If you want to know how many days I needed to do all of this… well, 2-3 days. I advice you to let some web-experienced friends to help you: Massimiliano Ariani gave me a great help in all the process… and also Matteo Piotto gave me lots of advices! Cheers to these guys!

I’m very happy I’ve taken this step, I feel more free now… and even more professional as a blogger. I’m still a bit scared, but this quite normal when thinking about the future! I hope that you’ll continue liking this website…

UPDATE: First of all, if you add Jetpack, you can still have WordPress.com advanced editor, even if you’re self-hosted! Yuhuuu!!

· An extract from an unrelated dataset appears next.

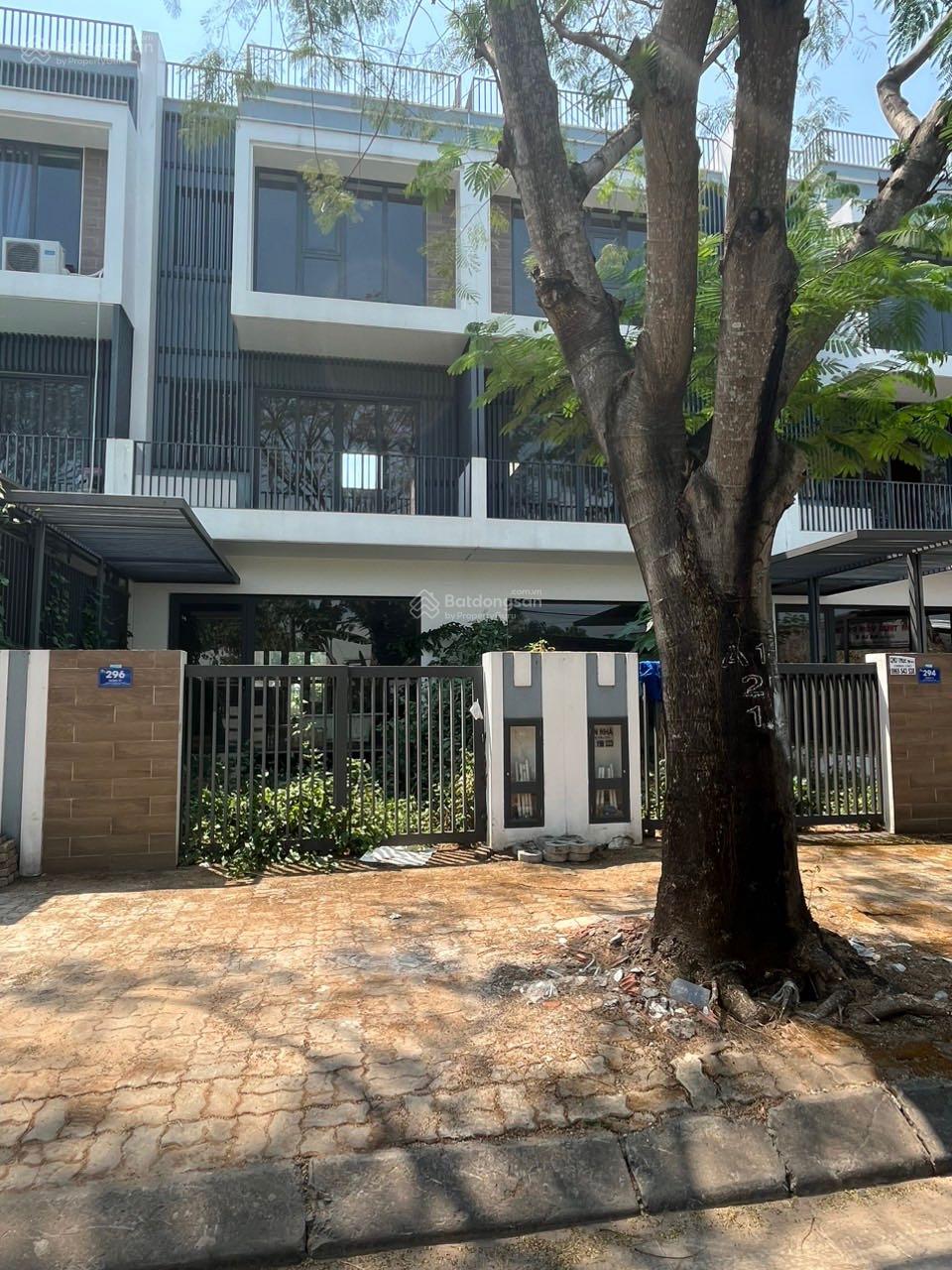 Chính chủ cần bán nhanh căn 100m2 trệt 2 lầu đường 20m giá: 7.6tỷ SH hoàn công LH: 0938 256 *** Chính chủ cần bán nhanh căn 100m2 trệt 2 lầu đường 20m giá: 7.6tỷ SH hoàn công LH: 0938 256 ***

Then, about site stats: migration led me to lose visits. It is because for the search engines and all other ranking websites, the new domain is just a new one popped out from nowhere, so it has no credibility, no traffic, no whatever. Old domain will redirect new visitors to the new website, but you’ll have anyway a little loss. Mine has been around 15% of daily visits 🙁 . The advice is spamming more than ever on all socials to increase ranking of the new domain.